*EXERCISE*:
Would you copy the listing below exactly, keeping the pictures out?

*GIVEN RECORDS*:
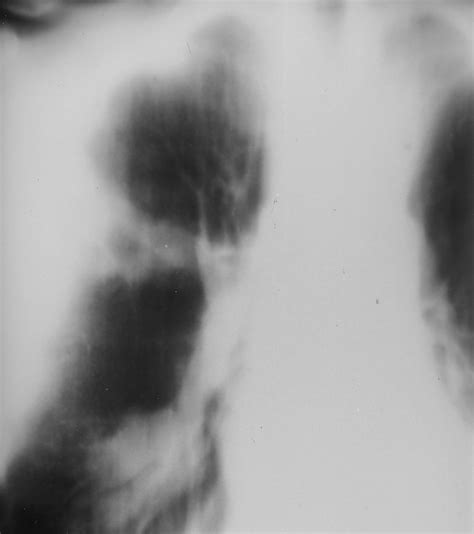 Spectrum Of Pulmonary Aspergillosis Histologic Clinical And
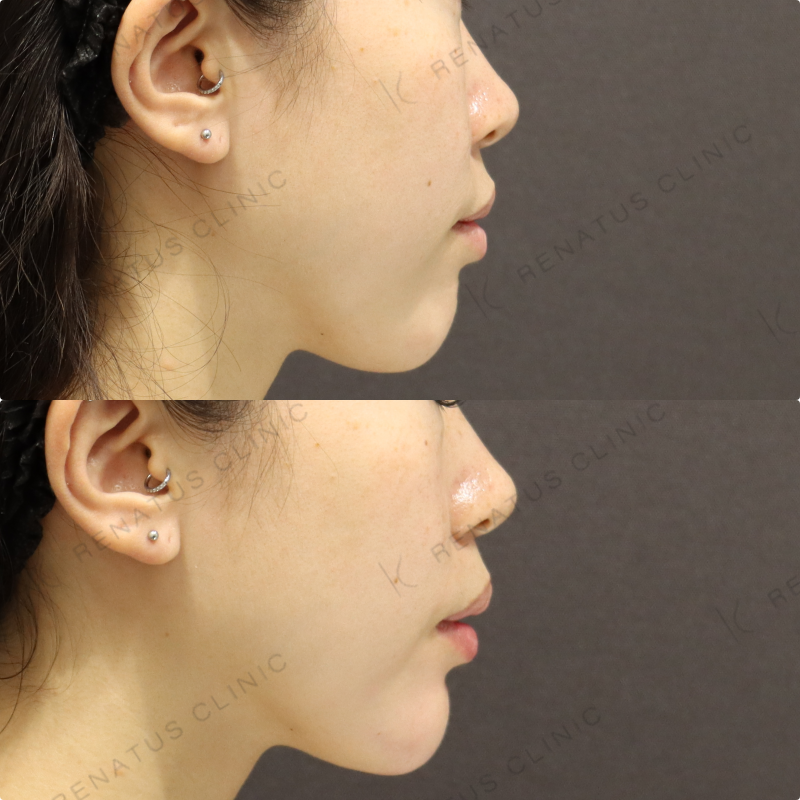 顎ヒアルロン酸症例写真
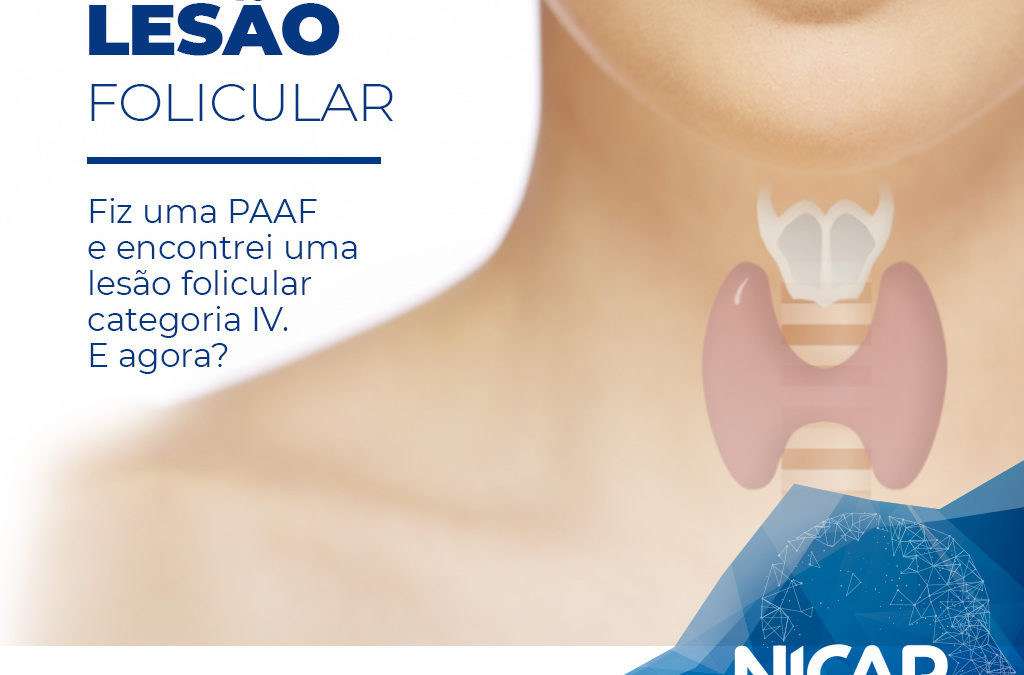 Fiz uma PAAF e encontrei uma lesão folicular categoria IV. E agora?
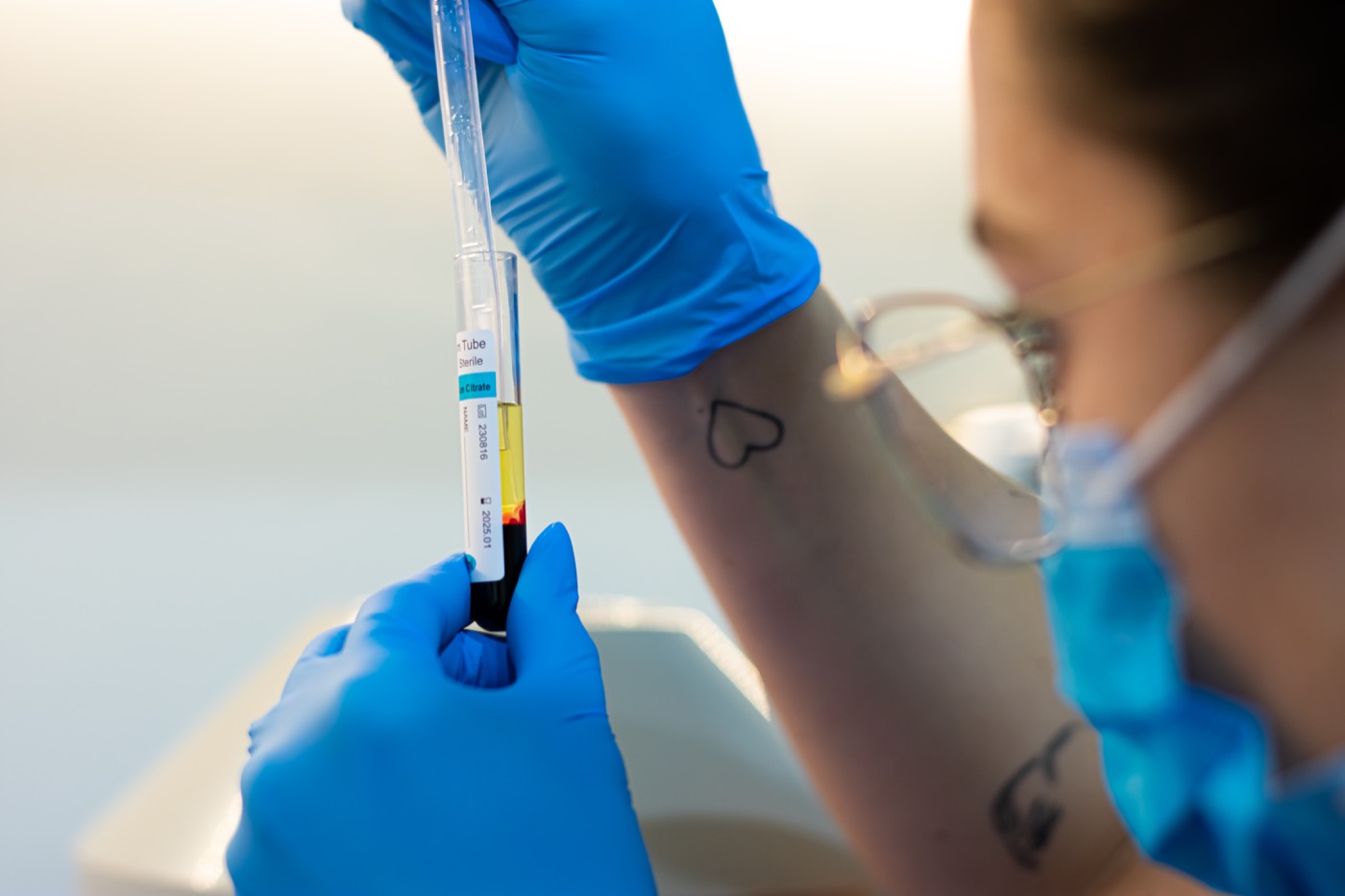 Preparación de plasma rico en plaquetas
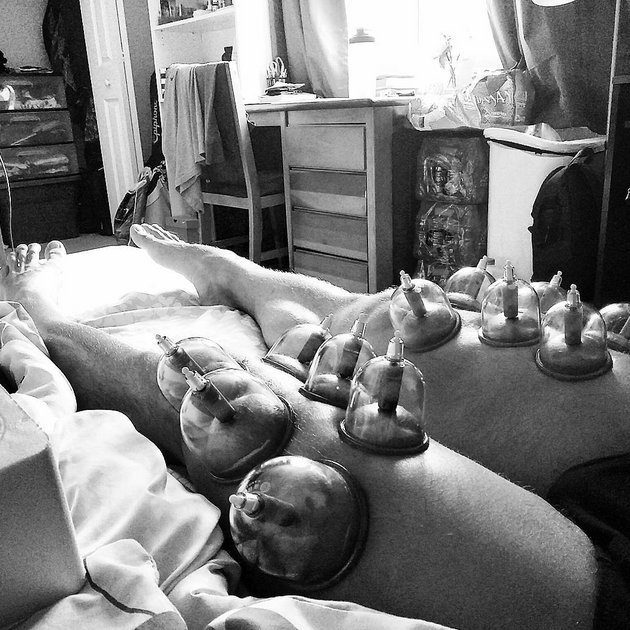 Γιατί οι αθλητές στο Ρίο είναι γεμάτοι μελανές βούλες [εικόνες] | iefimerida.gr 5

*OUTPUT OF THE TASK*:
 Spectrum Of Pulmonary Aspergillosis Histologic Clinical And
 顎ヒアルロン酸症例写真
 Fiz uma PAAF e encontrei uma lesão folicular categoria IV. E agora?
 Preparación de plasma rico en plaquetas
 Γιατί οι αθλητές στο Ρίο είναι γεμάτοι μελανές βούλες [εικόνες] | iefimerida.gr 5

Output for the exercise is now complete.